→ RECORD EXTRACTS
|---|

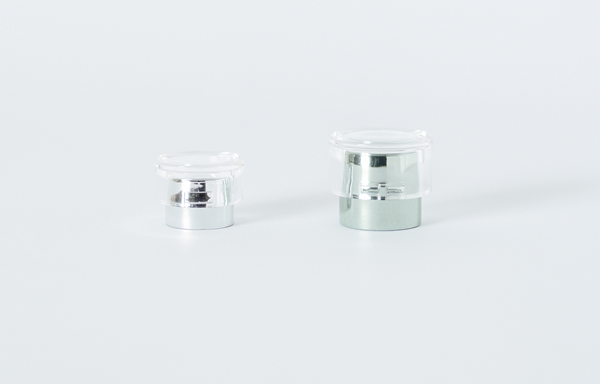 内パーツの蒸着被膜が削れてしまう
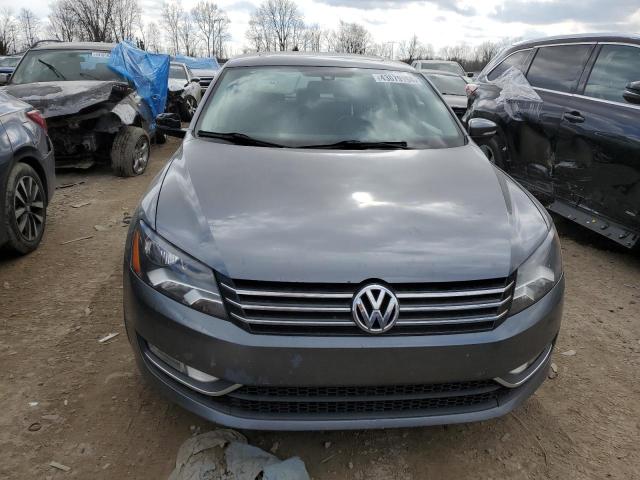 1VWBS7A34FC057293 - 2015 VOLKSWAGEN PASSAT SE CHARCOAL photo 5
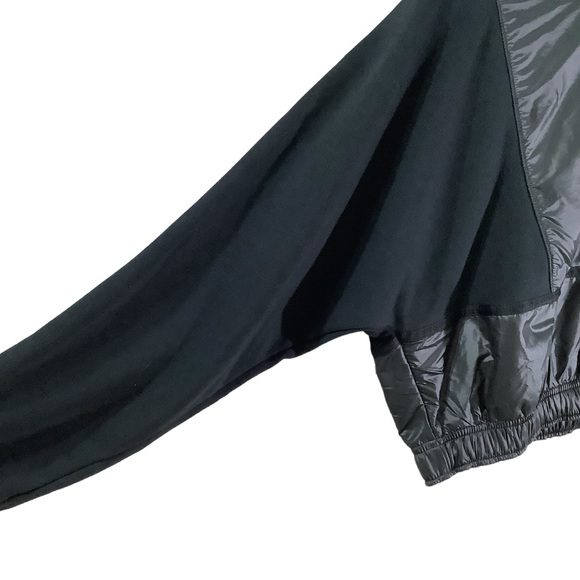 Nike Sportswear Quarter Zip Long Sleeve Sweatshirt - Picture 4 of 10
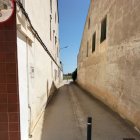 El vial ha passat a ser per a vianants i s’hi han instal·lat pilones. - E. FARNELL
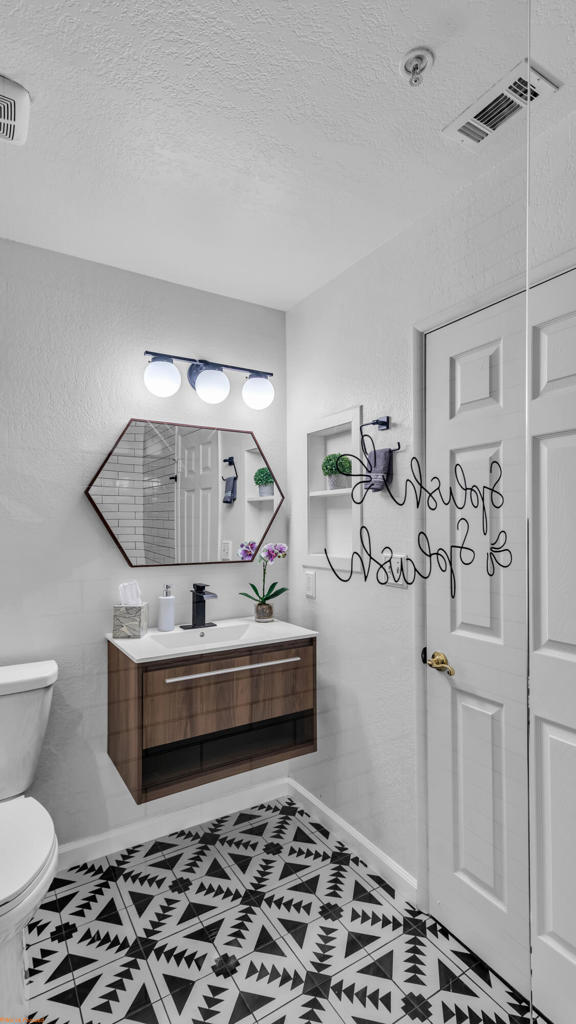 2120 E Del Lago Road Property Photo 15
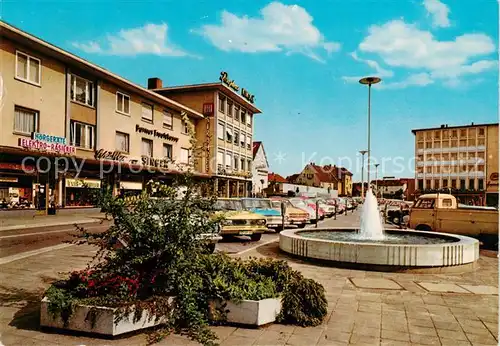 AK / Ansichtskarte  Ruesselsheim_Main Friedensplatz Brunnen Ruesselsheim Main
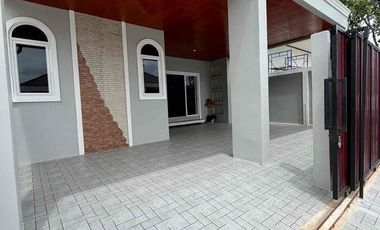 Haus zum Kauf mit 3 Zimmer in Bang Lamung, Chonburi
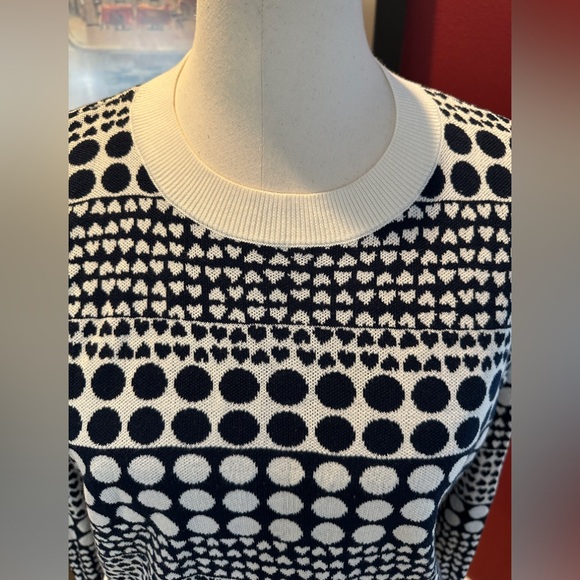 LOFT Black and White Patterned Sweater - Picture 3 of 12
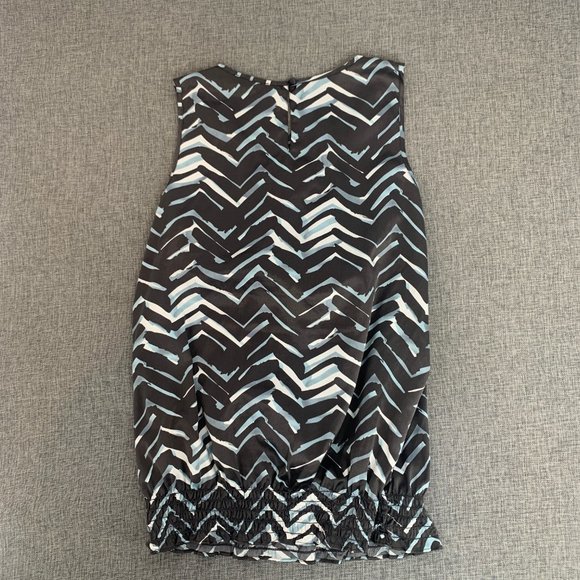 The Limited Sleeveless Blouse Small Ruffled Layered in Front Abstract Art Print - Picture 10 of 13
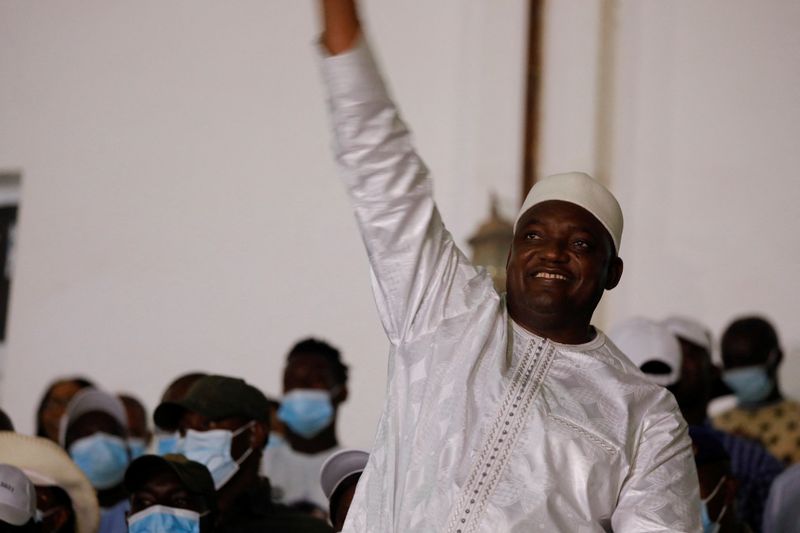 &copy; Reuters. FOTO DE ARCHIVO: El presidente electo de Gambia, Adama Barrow, sonríe a sus partidarios tras pronunciar un discurso en Banjul, Gambia, el 5 de diciembre de 2021. REUTERS/Zohra Bensemra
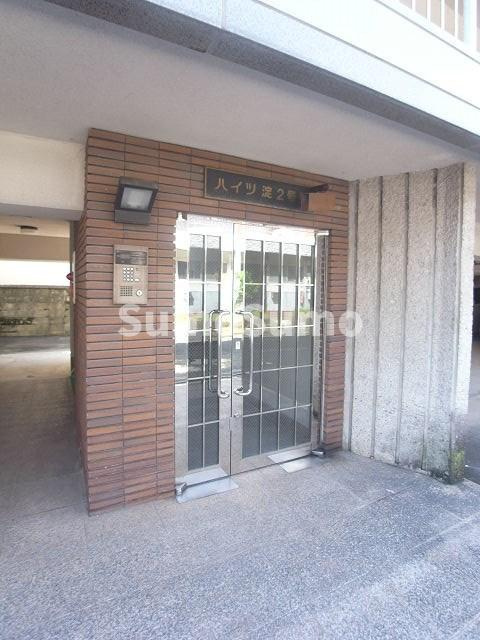 ハイツ淀2号館のエントランス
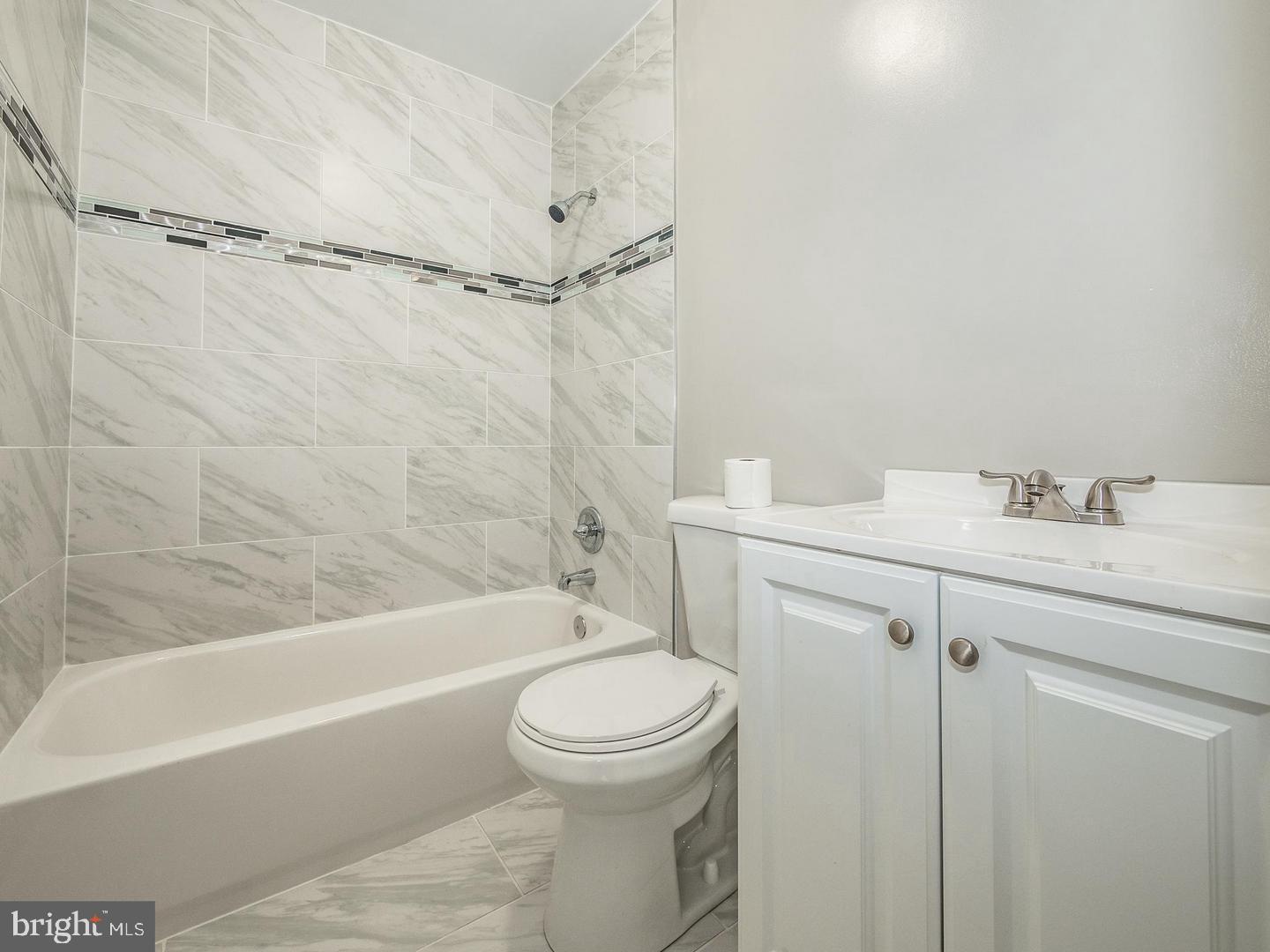 2923 W Lanvale St Property Photo 11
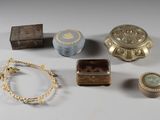 un grand nombre d'objets posés sur une table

|---|

→ DESCRIPTION OF THE TASK
Pictures stay out; retype only the lines from the line containing "ハイツ淀2号館のエントランス" through the end of the listing, inclusive, exactly as they appear.

→ EXERCISE RESULT
 ハイツ淀2号館のエントランス
 2923 W Lanvale St Property Photo 11
 un grand nombre d'objets posés sur une table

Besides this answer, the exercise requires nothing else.